Emotion encore avec Michele Pertusi, qui choisit lui aussi une chanson populaire de Luigi Denza – l’auteur du fameux Funiculi funicula – « Vieni » et Luca Salsi, qui interprète un Rigoletto éperdu, presque à bout de souffle (« Cortigiani, vil razza dannata »). Emotion toujours avec un merveilleux duo entre Ludovic Tézier en comte Almaviva et son épouse Cassandre Berthon en Susanna, « Crudele,perché finora », à l’occasion duquel le grand baryton adresse aux Italiens un message de soutien et d’amitié plein de la chaleur et de la simplicité qu’on lui connaît.

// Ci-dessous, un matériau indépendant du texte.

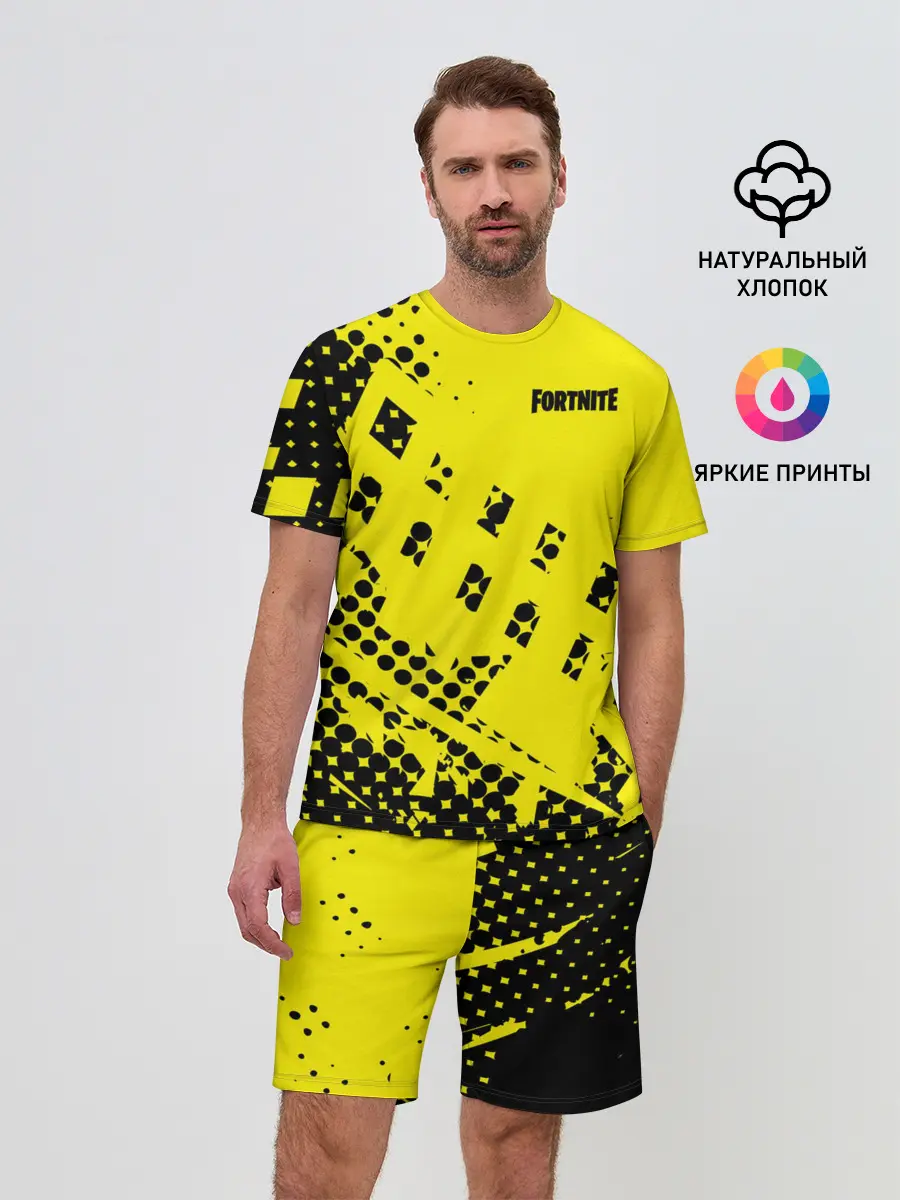 Мужской костюм с шортами / Fortnite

Mais il faut dire que le moment le plus admirable nous est venu de Lisette Oropesa qui, depuis son domicile de Baton-Rouge aux Etats-Unis, a choisi d’interpréter a capella une chanson du saule. Pas du tout celle de Verdi ni celle de Rossini, mais celle de la Ballad of Baby Doe de Douglas Moore. Un moment d’enchantement, aidé par l’une des meilleures captations de la soirée, pré-enregistrée.
Messages d’amour au chant, à l’Italie, et à Florence, il fallait bien donner le dernier mot à Eva Mei qui a choisi la chanson emblématique de cette ville merveilleuse, « La porti un bacione a Firenze » d’Odoardo Spadaro. Et comment qu’on le lui portera !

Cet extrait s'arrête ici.